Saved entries
----

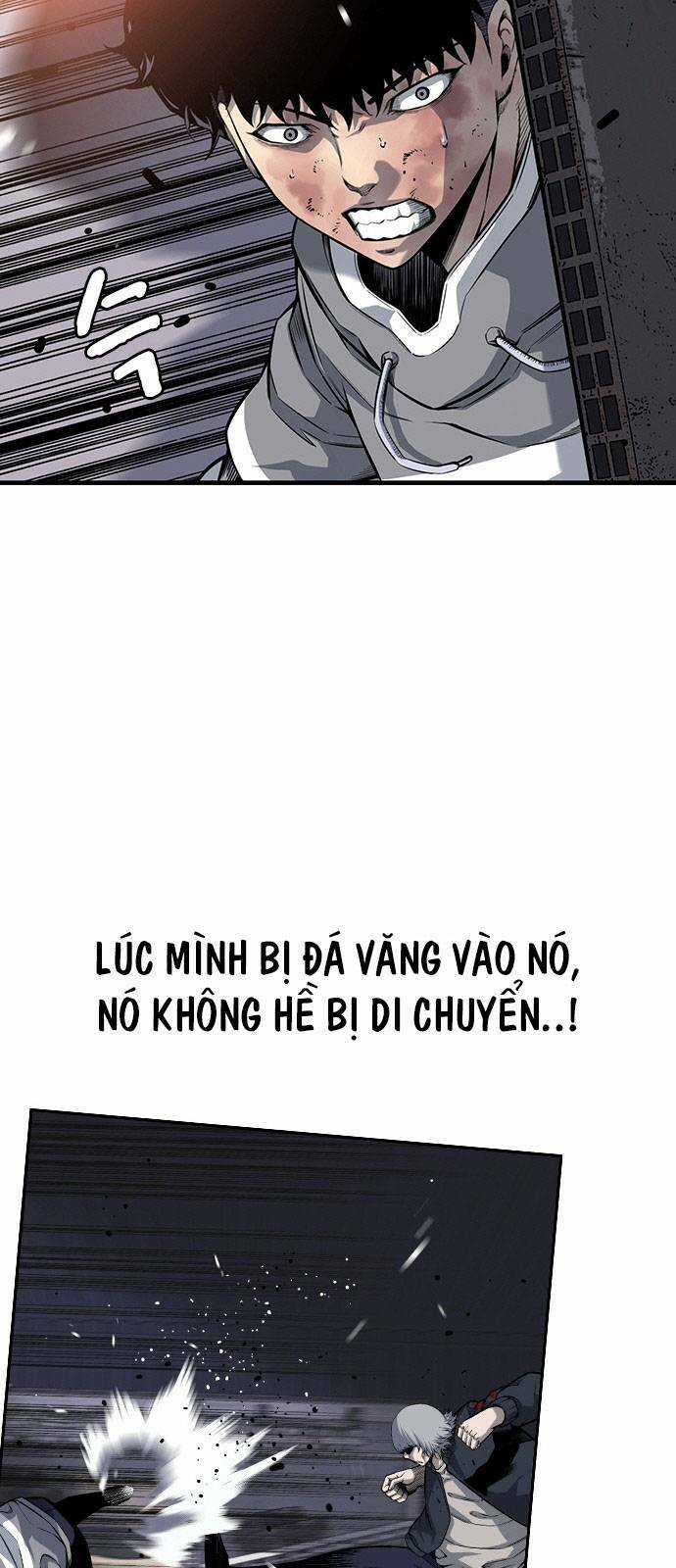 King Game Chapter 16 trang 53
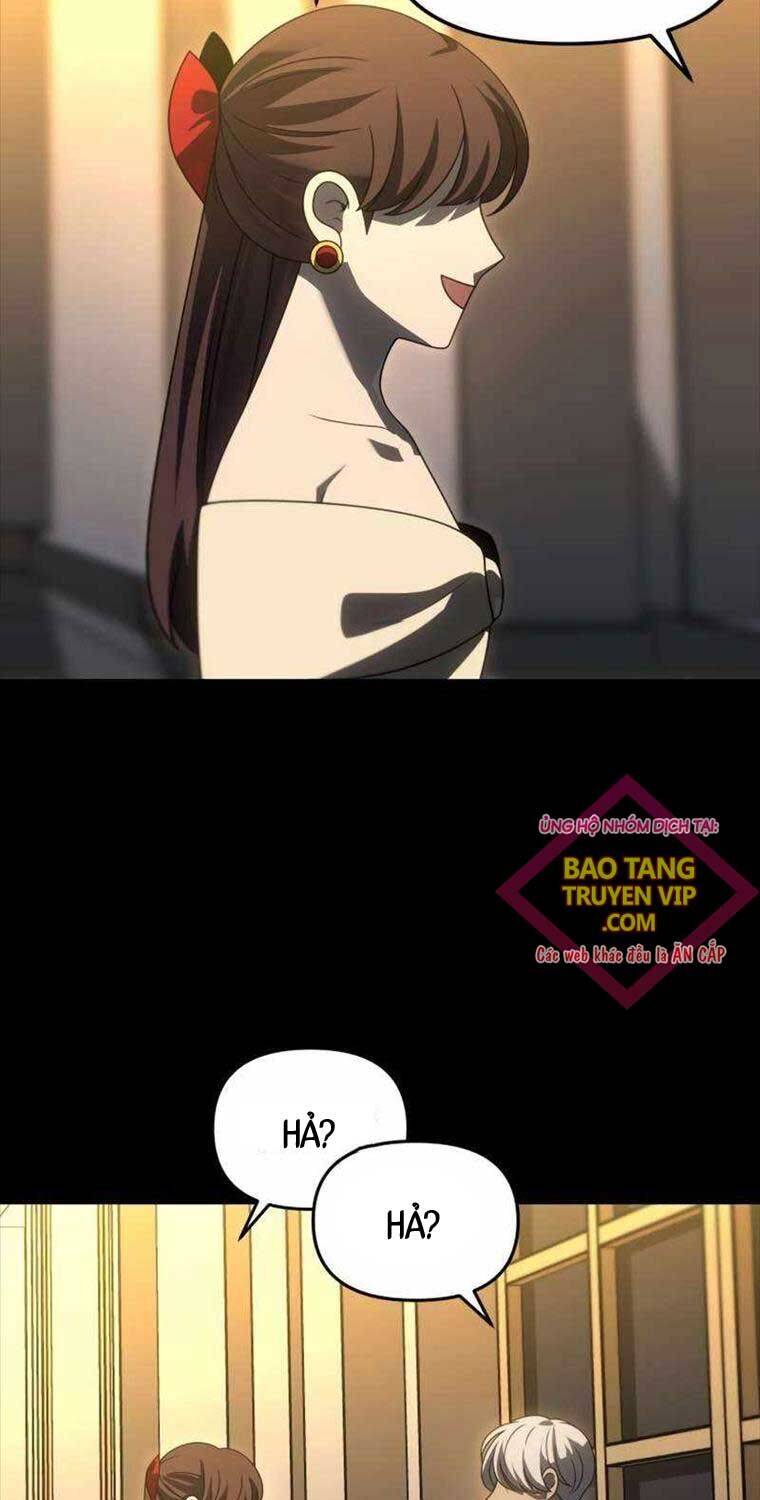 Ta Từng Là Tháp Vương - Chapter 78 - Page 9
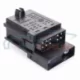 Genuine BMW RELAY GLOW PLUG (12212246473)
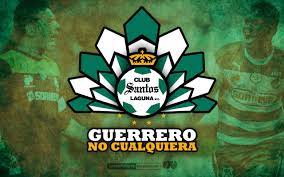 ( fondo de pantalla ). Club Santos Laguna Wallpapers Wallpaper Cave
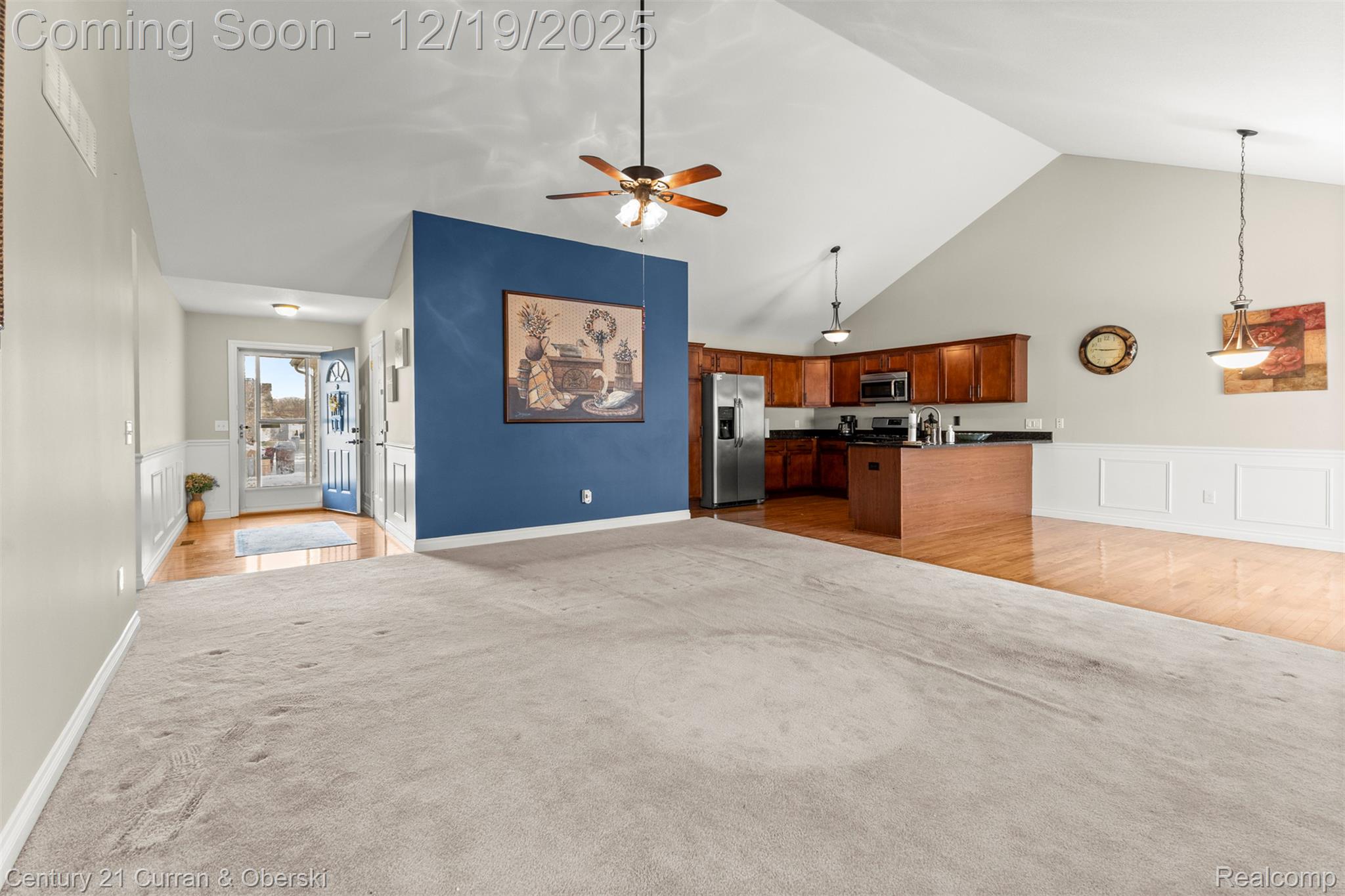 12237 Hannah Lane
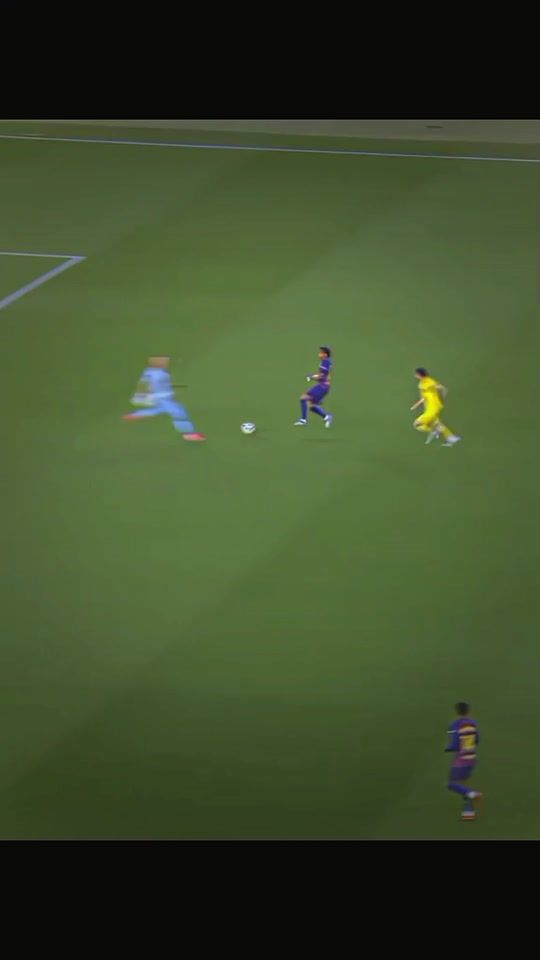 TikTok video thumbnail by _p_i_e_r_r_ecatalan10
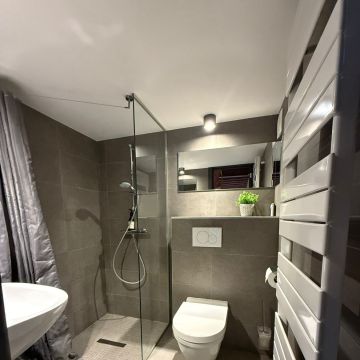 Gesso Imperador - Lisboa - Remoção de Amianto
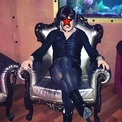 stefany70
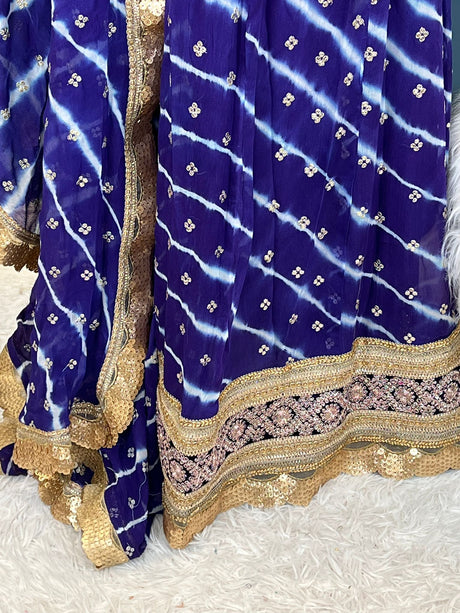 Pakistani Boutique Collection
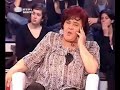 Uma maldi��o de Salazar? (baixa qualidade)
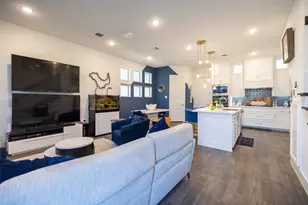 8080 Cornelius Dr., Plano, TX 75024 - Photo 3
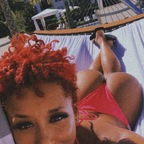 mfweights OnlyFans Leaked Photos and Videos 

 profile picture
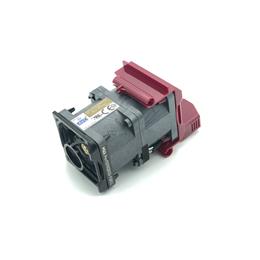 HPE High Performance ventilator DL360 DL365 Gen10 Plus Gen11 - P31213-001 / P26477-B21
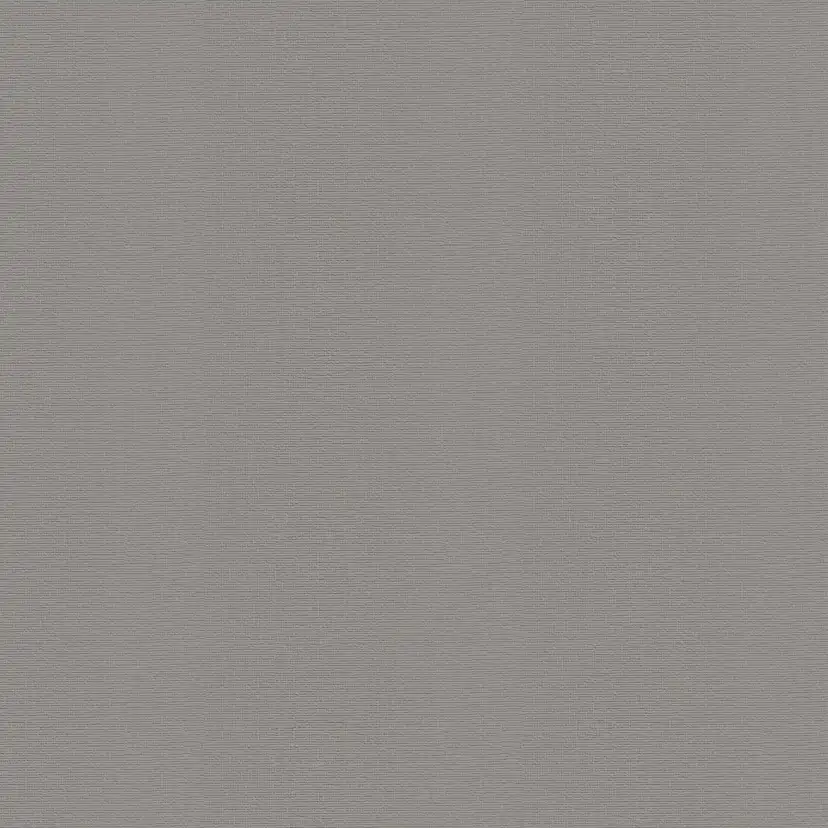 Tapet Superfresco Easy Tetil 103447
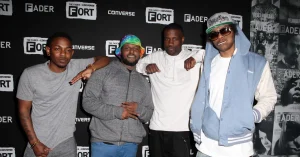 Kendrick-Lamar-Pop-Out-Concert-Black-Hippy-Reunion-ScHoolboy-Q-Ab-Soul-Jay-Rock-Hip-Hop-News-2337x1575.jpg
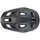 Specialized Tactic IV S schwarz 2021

----

> [Description of the task]
Only an exact copy of the entries, with no pictures, is expected as the answer.

> [Your solution]
 King Game Chapter 16 trang 53
 Ta Từng Là Tháp Vương - Chapter 78 - Page 9
 Genuine BMW RELAY GLOW PLUG (12212246473)
 ( fondo de pantalla ). Club Santos Laguna Wallpapers Wallpaper Cave
 12237 Hannah Lane
 TikTok video thumbnail by _p_i_e_r_r_ecatalan10
 Gesso Imperador - Lisboa - Remoção de Amianto
 stefany70
 Pakistani Boutique Collection
 Uma maldi��o de Salazar? (baixa qualidade)
 8080 Cornelius Dr., Plano, TX 75024 - Photo 3
 mfweights OnlyFans Leaked Photos and Videos 

 profile picture
 HPE High Performance ventilator DL360 DL365 Gen10 Plus Gen11 - P31213-001 / P26477-B21
 Tapet Superfresco Easy Tetil 103447
 Kendrick-Lamar-Pop-Out-Concert-Black-Hippy-Reunion-ScHoolboy-Q-Ab-Soul-Jay-Rock-Hip-Hop-News-2337x1575.jpg
 Specialized Tactic IV S schwarz 2021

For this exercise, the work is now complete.